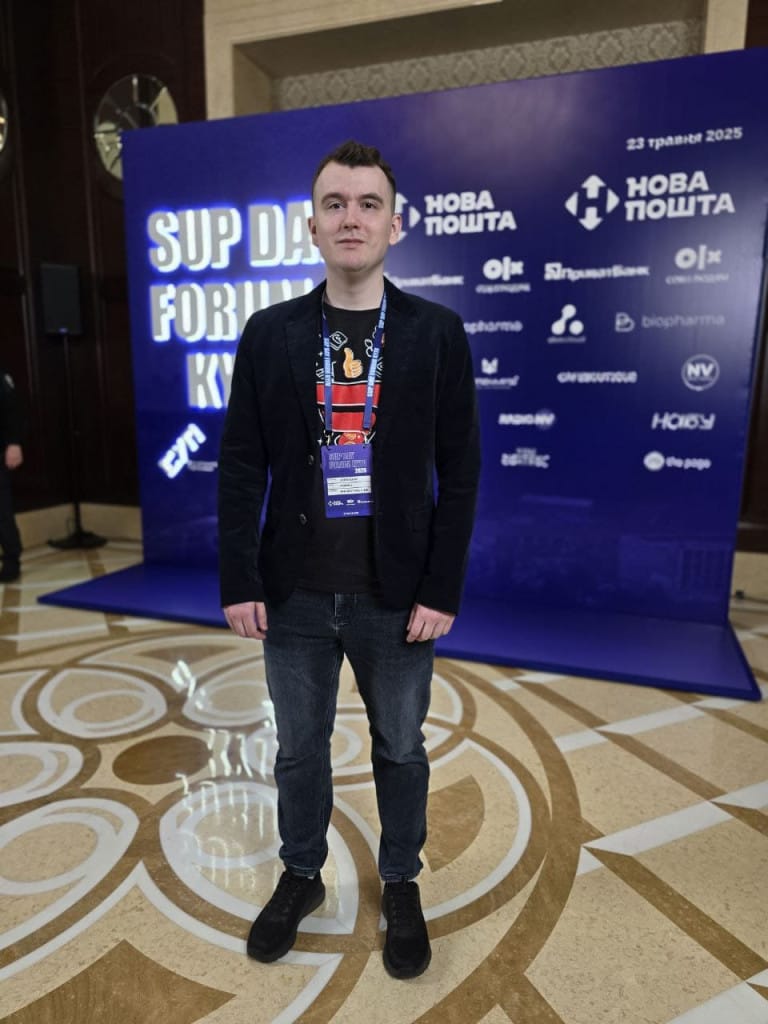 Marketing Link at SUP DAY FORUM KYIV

...

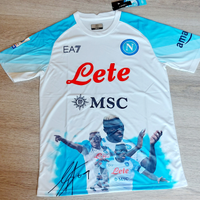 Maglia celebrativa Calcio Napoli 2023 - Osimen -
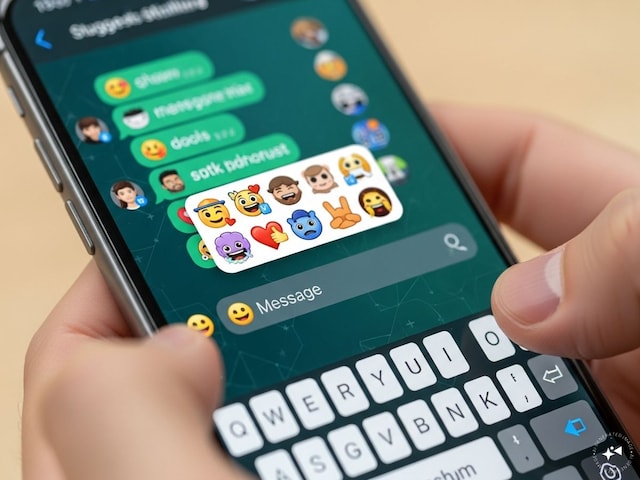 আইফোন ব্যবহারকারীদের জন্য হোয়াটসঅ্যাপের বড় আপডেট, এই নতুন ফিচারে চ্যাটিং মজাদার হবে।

--

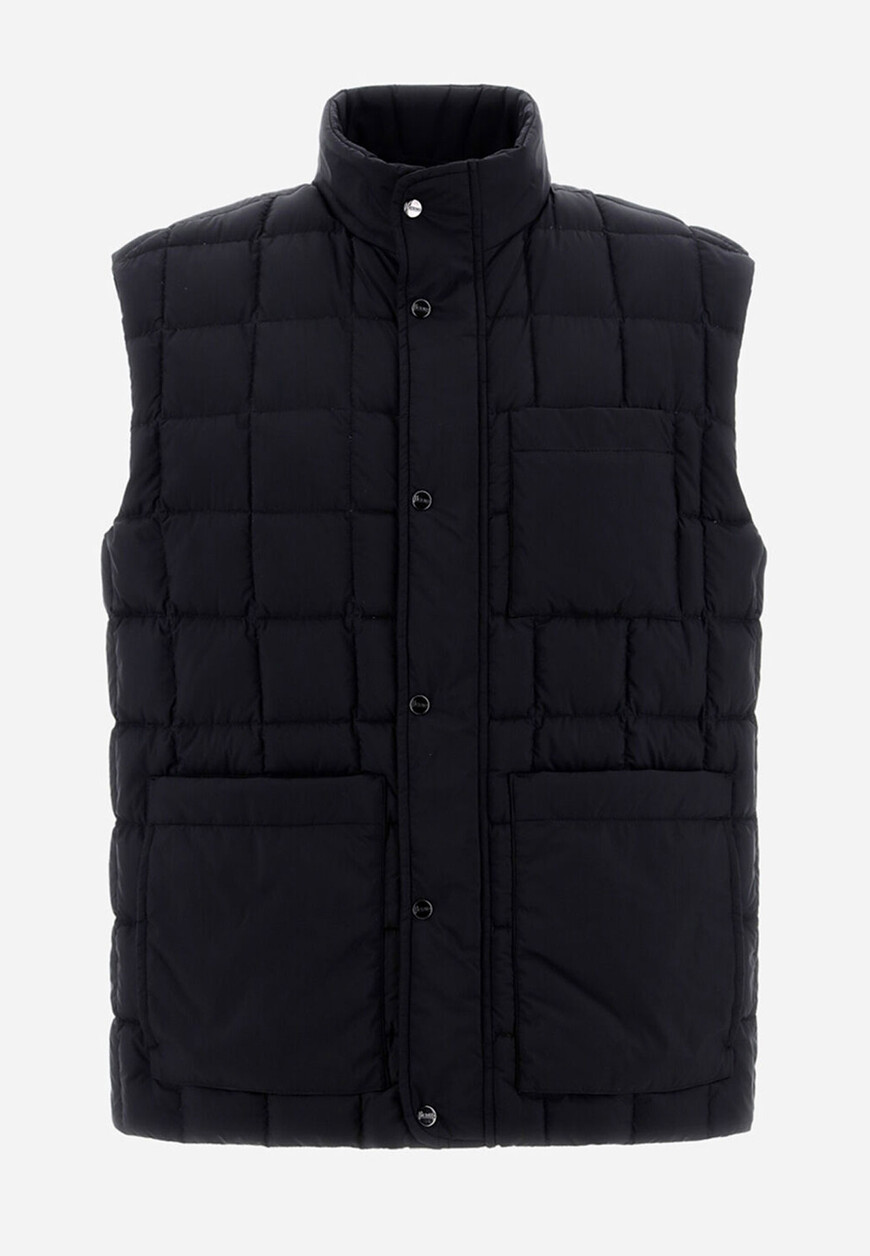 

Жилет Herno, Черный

-- Exercise goal --
From the data above, return only the lines starting at the line that holds "Maglia celebrativa Calcio" and ending at the line that holds "আইফোন ব্যবহারকারীদের জন্য", word for word and without pictures.

-- Reply to the task --
 Maglia celebrativa Calcio Napoli 2023 - Osimen -
 আইফোন ব্যবহারকারীদের জন্য হোয়াটসঅ্যাপের বড় আপডেট, এই নতুন ফিচারে চ্যাটিং মজাদার হবে।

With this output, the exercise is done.